[Short web captions]
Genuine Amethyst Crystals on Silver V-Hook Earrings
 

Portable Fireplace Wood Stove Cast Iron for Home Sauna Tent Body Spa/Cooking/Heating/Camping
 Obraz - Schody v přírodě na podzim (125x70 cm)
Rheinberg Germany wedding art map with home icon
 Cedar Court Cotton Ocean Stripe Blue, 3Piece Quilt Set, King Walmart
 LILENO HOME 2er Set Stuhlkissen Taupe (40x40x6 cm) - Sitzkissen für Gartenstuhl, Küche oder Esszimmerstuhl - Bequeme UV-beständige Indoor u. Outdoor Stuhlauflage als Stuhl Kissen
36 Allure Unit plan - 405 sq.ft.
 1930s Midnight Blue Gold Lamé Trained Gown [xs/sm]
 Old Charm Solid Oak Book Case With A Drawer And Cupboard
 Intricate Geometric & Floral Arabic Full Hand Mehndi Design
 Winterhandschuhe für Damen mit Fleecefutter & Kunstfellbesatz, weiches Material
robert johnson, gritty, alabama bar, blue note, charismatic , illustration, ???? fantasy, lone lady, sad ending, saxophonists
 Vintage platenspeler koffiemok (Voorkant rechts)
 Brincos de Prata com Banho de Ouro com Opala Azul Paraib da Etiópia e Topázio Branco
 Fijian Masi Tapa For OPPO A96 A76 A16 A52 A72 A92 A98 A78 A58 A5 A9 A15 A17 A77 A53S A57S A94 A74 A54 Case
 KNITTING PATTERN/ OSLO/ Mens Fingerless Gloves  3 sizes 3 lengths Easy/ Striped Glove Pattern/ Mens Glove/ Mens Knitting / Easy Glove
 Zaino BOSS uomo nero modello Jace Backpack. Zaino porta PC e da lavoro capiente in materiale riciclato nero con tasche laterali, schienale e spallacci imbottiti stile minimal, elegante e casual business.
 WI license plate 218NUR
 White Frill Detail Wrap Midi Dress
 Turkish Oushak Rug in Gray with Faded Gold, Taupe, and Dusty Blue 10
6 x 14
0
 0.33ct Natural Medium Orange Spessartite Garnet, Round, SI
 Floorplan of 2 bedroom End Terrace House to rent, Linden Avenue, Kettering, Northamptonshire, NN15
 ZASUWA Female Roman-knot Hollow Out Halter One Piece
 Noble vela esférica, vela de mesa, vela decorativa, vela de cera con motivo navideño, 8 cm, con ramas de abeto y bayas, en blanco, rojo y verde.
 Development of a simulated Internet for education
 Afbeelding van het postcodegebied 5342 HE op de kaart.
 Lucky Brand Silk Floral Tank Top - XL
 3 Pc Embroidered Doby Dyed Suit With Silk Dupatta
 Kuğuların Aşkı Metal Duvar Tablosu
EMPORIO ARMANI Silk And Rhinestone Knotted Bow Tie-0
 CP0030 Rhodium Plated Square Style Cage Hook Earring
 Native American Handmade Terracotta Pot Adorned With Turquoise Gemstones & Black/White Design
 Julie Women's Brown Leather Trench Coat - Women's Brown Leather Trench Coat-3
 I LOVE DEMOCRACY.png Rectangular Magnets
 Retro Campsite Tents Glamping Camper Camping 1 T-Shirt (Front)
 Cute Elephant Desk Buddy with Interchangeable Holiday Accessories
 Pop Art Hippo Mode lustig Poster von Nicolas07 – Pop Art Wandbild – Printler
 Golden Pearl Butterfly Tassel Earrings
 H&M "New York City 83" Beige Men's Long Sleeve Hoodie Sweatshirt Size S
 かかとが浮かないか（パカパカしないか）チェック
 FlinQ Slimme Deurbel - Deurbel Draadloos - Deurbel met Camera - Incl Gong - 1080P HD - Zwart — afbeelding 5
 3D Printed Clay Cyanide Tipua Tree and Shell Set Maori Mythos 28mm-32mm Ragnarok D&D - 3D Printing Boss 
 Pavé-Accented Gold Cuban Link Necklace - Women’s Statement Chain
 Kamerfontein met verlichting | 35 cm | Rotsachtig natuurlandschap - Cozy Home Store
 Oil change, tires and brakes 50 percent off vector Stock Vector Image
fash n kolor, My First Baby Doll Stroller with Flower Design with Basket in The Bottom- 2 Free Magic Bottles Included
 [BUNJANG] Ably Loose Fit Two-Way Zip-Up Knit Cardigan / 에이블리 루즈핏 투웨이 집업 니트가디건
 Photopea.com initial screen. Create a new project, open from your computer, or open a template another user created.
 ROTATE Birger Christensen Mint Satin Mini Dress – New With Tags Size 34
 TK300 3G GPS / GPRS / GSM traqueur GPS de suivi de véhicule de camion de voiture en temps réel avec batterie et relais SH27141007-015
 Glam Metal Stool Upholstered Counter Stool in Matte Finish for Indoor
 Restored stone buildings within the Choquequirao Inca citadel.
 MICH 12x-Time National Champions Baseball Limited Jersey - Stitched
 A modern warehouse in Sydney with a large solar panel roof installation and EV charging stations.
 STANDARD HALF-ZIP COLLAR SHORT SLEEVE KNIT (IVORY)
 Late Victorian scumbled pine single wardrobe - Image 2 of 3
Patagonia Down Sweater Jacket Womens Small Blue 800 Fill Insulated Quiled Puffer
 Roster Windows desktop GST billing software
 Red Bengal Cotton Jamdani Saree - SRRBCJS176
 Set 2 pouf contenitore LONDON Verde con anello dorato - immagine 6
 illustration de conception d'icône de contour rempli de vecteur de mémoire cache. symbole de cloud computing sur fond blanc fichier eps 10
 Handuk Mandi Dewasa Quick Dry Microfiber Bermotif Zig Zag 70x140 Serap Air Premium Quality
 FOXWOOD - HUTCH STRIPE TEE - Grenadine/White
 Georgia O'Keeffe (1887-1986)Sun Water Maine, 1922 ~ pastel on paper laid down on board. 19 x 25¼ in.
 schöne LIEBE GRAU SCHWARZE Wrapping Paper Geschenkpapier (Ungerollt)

# Task item
From the data above, return every line from the line that has "Fijian Masi Tapa" up to and including the line that has "Floorplan of 2", exactly.

# Written response
 Fijian Masi Tapa For OPPO A96 A76 A16 A52 A72 A92 A98 A78 A58 A5 A9 A15 A17 A77 A53S A57S A94 A74 A54 Case
 KNITTING PATTERN/ OSLO/ Mens Fingerless Gloves  3 sizes 3 lengths Easy/ Striped Glove Pattern/ Mens Glove/ Mens Knitting / Easy Glove
 Zaino BOSS uomo nero modello Jace Backpack. Zaino porta PC e da lavoro capiente in materiale riciclato nero con tasche laterali, schienale e spallacci imbottiti stile minimal, elegante e casual business.
 WI license plate 218NUR
 White Frill Detail Wrap Midi Dress
 Turkish Oushak Rug in Gray with Faded Gold, Taupe, and Dusty Blue 10
6 x 14
0
 0.33ct Natural Medium Orange Spessartite Garnet, Round, SI
 Floorplan of 2 bedroom End Terrace House to rent, Linden Avenue, Kettering, Northamptonshire, NN15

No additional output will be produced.